Sources Archived This Session
- Friston et al. 2024 — "Designing Ecosystems of Intelligence from First Principles" (HIGH)
- Kaufmann et al. 2021 — "An Active Inference Model of Collective Intelligence" (HIGH)
- Friston et al. 2024 — "Federated Inference and Belief Sharing" (HIGH)
- Vasil et al. 2020 — "A World Unto Itself: Human Communication as Active Inference" (HIGH)
- Sajid et al. 2021 — "Active Inference: Demystified and Compared" (MEDIUM)
- Friston et al. 2015 — "Active Inference and Epistemic Value" (HIGH)
- Ramstead et al. 2018 — "Answering Schrödinger's Question" (MEDIUM)
- Albarracin et al. 2024 — "Shared Protentions in Multi-Agent Active Inference" (MEDIUM)
- Ruiz-Serra et al. 2024 — "Factorised Active Inference for Strategic Multi-Agent Interactions" (MEDIUM)
- McMillen & Levin 2024 — "Collective Intelligence: A Unifying Concept" (MEDIUM)
- Da Costa et al. 2020 — "Active Inference on Discrete State-Spaces" (MEDIUM)

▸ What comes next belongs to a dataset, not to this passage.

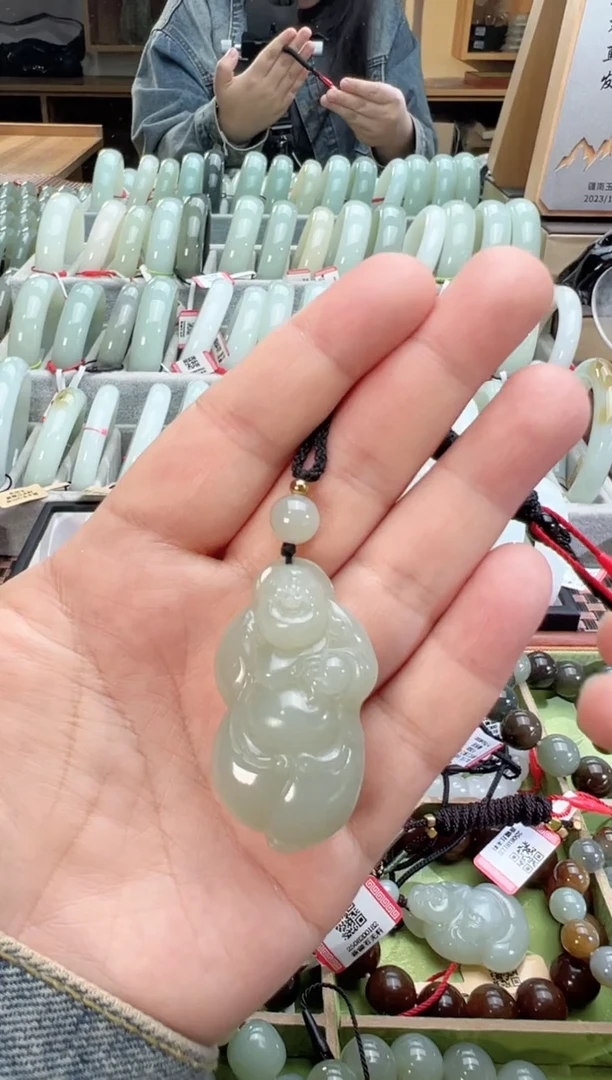 吊坠(赠链)未镶嵌和田玉且末料青白玉吊坠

- Ramstead et al. 2019 — "Multiscale Integration: Beyond Internalism and Externalism" (LOW)
- "As One and Many" 2025 — Group-Level Active Inference (HIGH)
- "Orchestrator" 2025 — Active Inference for Multi-Agent LLM Systems (HIGH)
Connection to existing KB claims
- biological systems minimize free energy to maintain their states and resist entropic decay — foundational, now extended to multi-agent
- Markov blankets enable complex systems to maintain identity while interacting with environment through nested statistical boundaries — validated at collective level
- Living Agents mirror biological Markov blanket organization — strengthened by multiple papers
- collective intelligence is a measurable property of group interaction structure not aggregated individual ability — formalized by Kaufmann et al.
- domain specialization with cross-domain synthesis produces better collective intelligence — explained by federated inference
- coordination protocol design produces larger capability gains than model scaling — active inference as the coordination protocol
- complexity is earned not designed and sophisticated collective behavior must evolve from simple underlying principles — validated by endogenous emergence finding
- designing coordination rules is categorically different from designing coordination outcomes — reinforced by shared protentions work
- structured exploration protocols reduce human intervention by 6x — now theoretically grounded as EFE minimization
→ FLAG @clay: Active inference maps to narrative/media — stories as shared generative models, entertainment as epistemic niche construction. Worth exploring. → FLAG @rio: Prediction markets are precision-weighted federated inference over economic states. The active inference framing may formalize why prediction markets work.